Ce récit invite à des interprétations diverses, en lien avec la politique, l’autobiographie, la religion. Vincent Ferré met ici l’accent sur le lien entre l’histoire de Niggle et le propre « arbre intérieur » de J.R.R. Tolkien, sur le processus de création en lui-même…

Feuille, de Niggle (1945) est peut-être le centre caché de l’œuvre de Tolkien. C’est un texte sans équivalent, unique à bien des égards, comme l’auteur lui-même le reconnait : le seul qu’il ait réussi à écrire d’une traite ; mais aussi le texte où il met en scène le plus clairement sa condition d’écrivain et ses doutes personnels, à tel point qu’il invite à une lecture symbolique, voire « allégorique ».

Sa correspondance en témoigne, Tolkien retravaillait sans cesse les pages qu’il rédigeait ; même pour les réimprimer, il les récrivait en grande partie. Or, Feuille, de Niggle échappe à cette loi : l’histoire est née comme un rêve, et l’auteur l’a écrite d’une seule coulée, la retravaillant à peine pour la faire paraître. Comme si elle avait été là, dans son esprit, et n’avait eu qu’à en sortir. Cette immédiateté montre bien tout ce que ce récit a d’intime, au-delà de son aspect strictement autobiographique.

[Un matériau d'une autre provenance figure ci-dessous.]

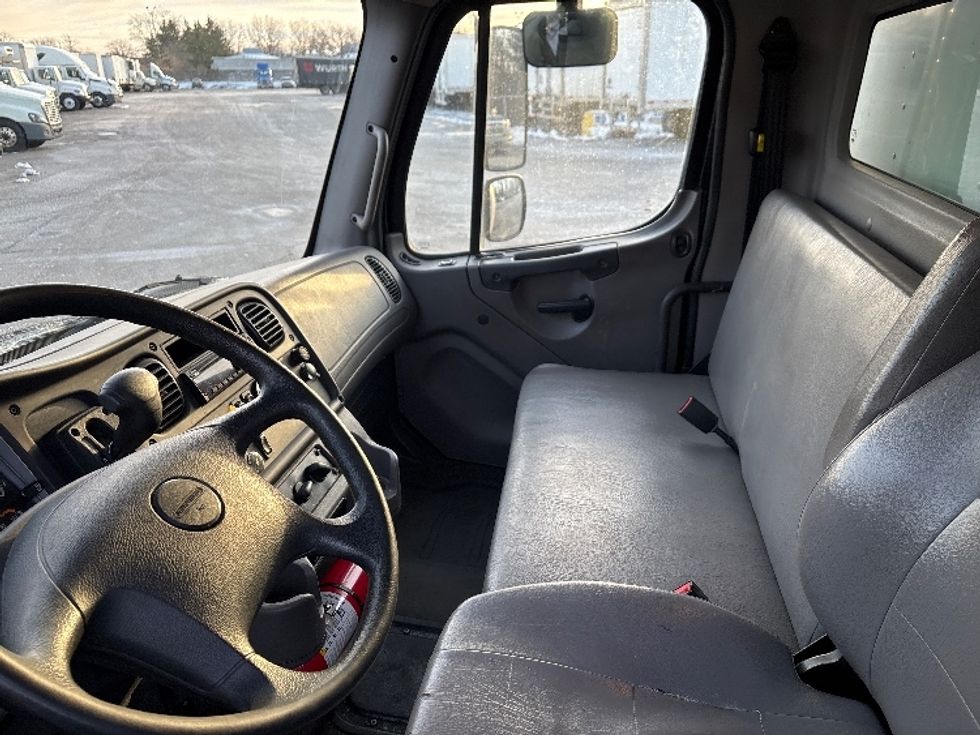 Medium Duty Box Truck-Light and Medium Duty Trucks-Freightliner-2020-M2-Brook Park-OH-155,831\n\t\tmiles-$ 58,250 - Image 18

L’Arbre d’Amalion de Tolkien est une représentation visuelle des histoires, contes et poèmes de l’auteur qui ne sont pas encore racontés.

Son goût pour les arbres et de nombreux « détails personnels » établissent des liens assez évidents entre Niggle et Tolkien ; lui-même se compare régulièrement à son personnage, dans des lettres adressées à divers correspondants. Artiste insatisfait, qui ne vient pas à bout du travail colossal qu’il s’est fixé, dérangé qu’il est par des diverses responsabilités à l’université, participation à la défense passive pendant la guerre, ressentant cruellement la solitude liée à la création, et le regard hostile que certains pouvaient poser sur sa création (le jugement du « Conseiller Tompkins », à la fin du récit, est particulièrement violent, et voue à la mort celui qu’il présente comme un parasite), Tolkien semble se projeter en Niggle. C’est spontanément qu’il évoque Le Seigneur des Anneaux comme son « arbre intérieur », ou qu’il mentionne des récits demeurés « à l’état de simples bourgeons, comme tant d’autres de Niggle, le nigaud ». Nigaud : il est en effet amusant de noter qu’il dessine les traits d’un être pas toujours sympathique, un peu grincheux, qui vit mal les contraintes extérieurs – ce qui montre l’humour dont il faisait preuve à son propre égard. Mais ce n’est pas le plus intéressant.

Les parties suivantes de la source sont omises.